I'm paginating through an API and looking for something like map_while, but I cannot find the appropriate function in purrr. map_if is a no-go because I need to know the result of the computation during the loop.
Here are the two patterns I'm curious to replace:
Pattern 1: for loop + break
for (i in seq_along(x)) {
## do something ##
if (something) break
}
Pattern 2: while loop
cond <- TRUE
while(cond) {
## do something ##
if (something) {
cond <- FALSE
}
}
Recursion would be a functional-style alternative. Search for "functional alternative while" to get some inspiration.
Practically, I would use a small loop only to collect the paginated data (i.e. don't do more than absolutely necessary inside the loop's body), and then process it purrr- or dplyr-style.
The advantage of*apply()/map*() style approaches are semantic ones: When you see a lapply() you know that
Your code will return a list
it won't do anything else (no side effects)

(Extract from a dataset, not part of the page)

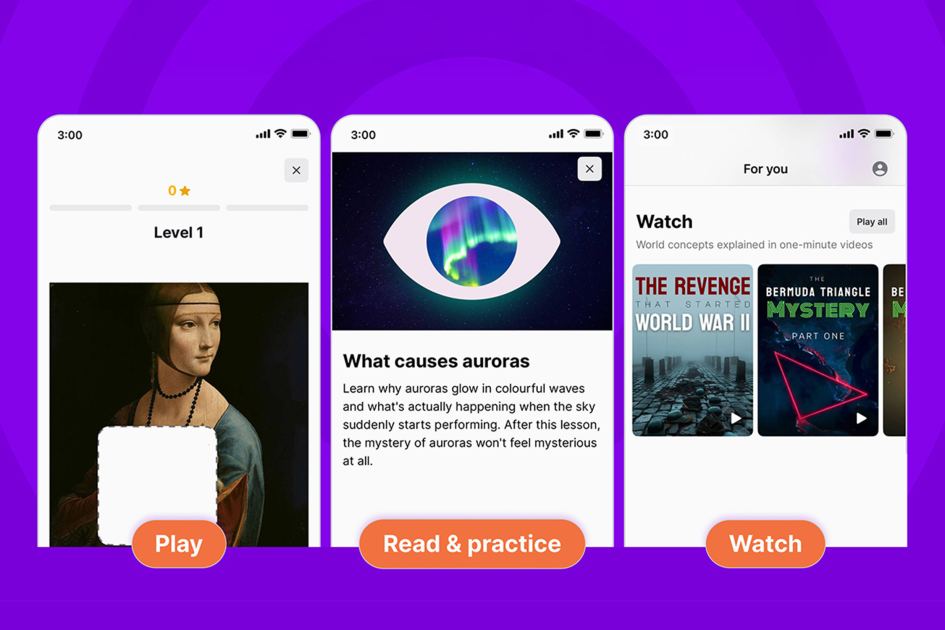 Unrot your brain with 88% off this interactive learning app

each iteration is Independent of the others
In an if/while loop anything can happen und you have to read and understand the loop to know what's going on really.

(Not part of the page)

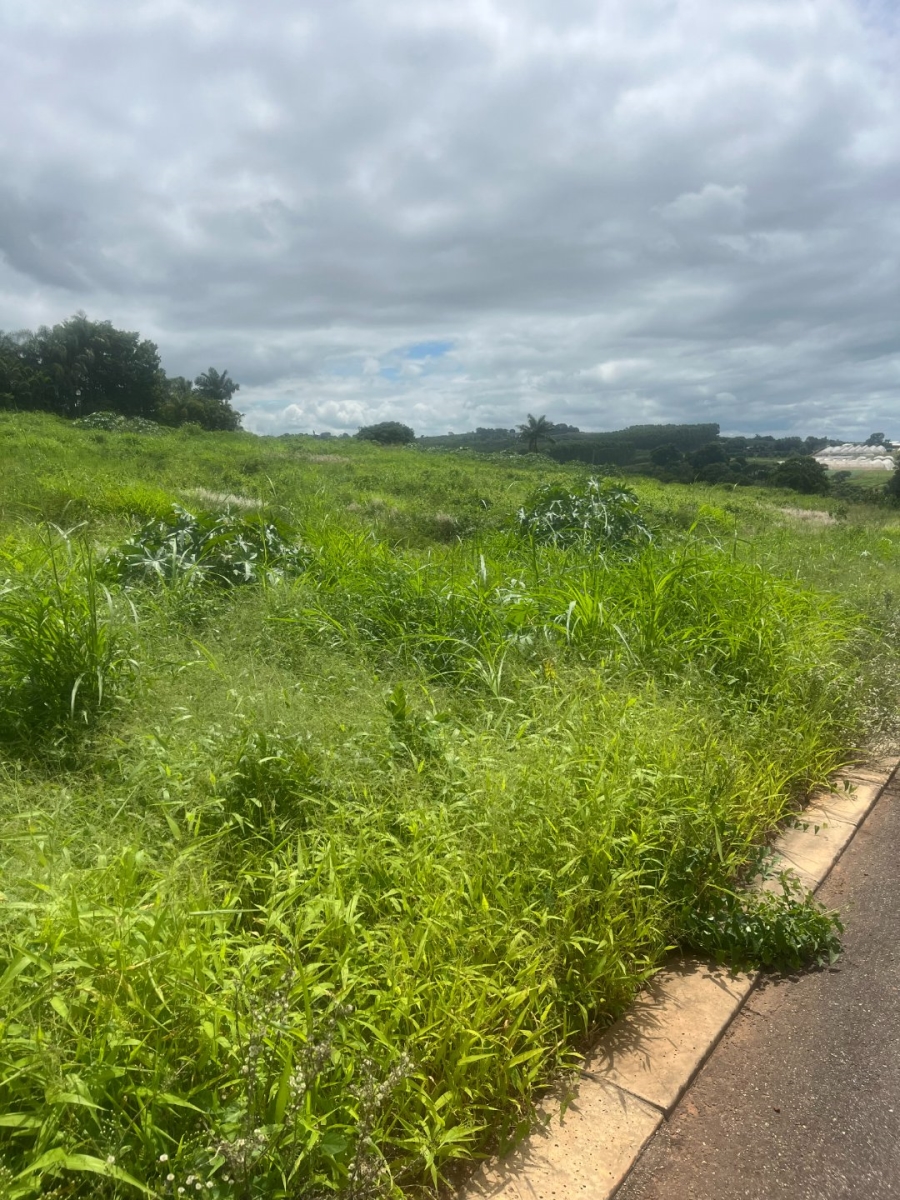  Bedroom Property for Sale in Matumi Park Limpopo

Now you already know the criteria I lised for apply() arent true for your problem, so that approach is not the right one. Sometimes its perfectly fine to use a for loop. For a for loop, you at least know the exact number of iterations. For a while loop you don't even know that. I would use those constructs in that order:
use *apply/map* if the problem fits the criteria describes aboved
use for if you know the number of iterations. You might use for with break if you know the maximum number of iterations but the code might exit early
use while if you even don't know that
use recursion as @klmr suggested if the problem can be elegantly solved this way (but be aware that for large problems, recursion has disadvantages over loops)
.
A while back I had the same problem (paginating through an API) and I ended up applying a repeat( // break()) style loop.
The reason was that it was impossible to know in advance the number of pages with meaningful result, so a for() loop was not feasible and I had to keep iterating until finding an empty page.
This was the (simplified) construction:
i <- 1
result <- data.frame()
repeat({
data <- scrape_the_api(page = i)
if(nrow(data)==0) break() # the end was reached...
result <- rbind(result, data)
i <- i +1
})
some_fancy_processing(result)
This construction makes sure the API is called at least once, and breaks once an empty result is returned.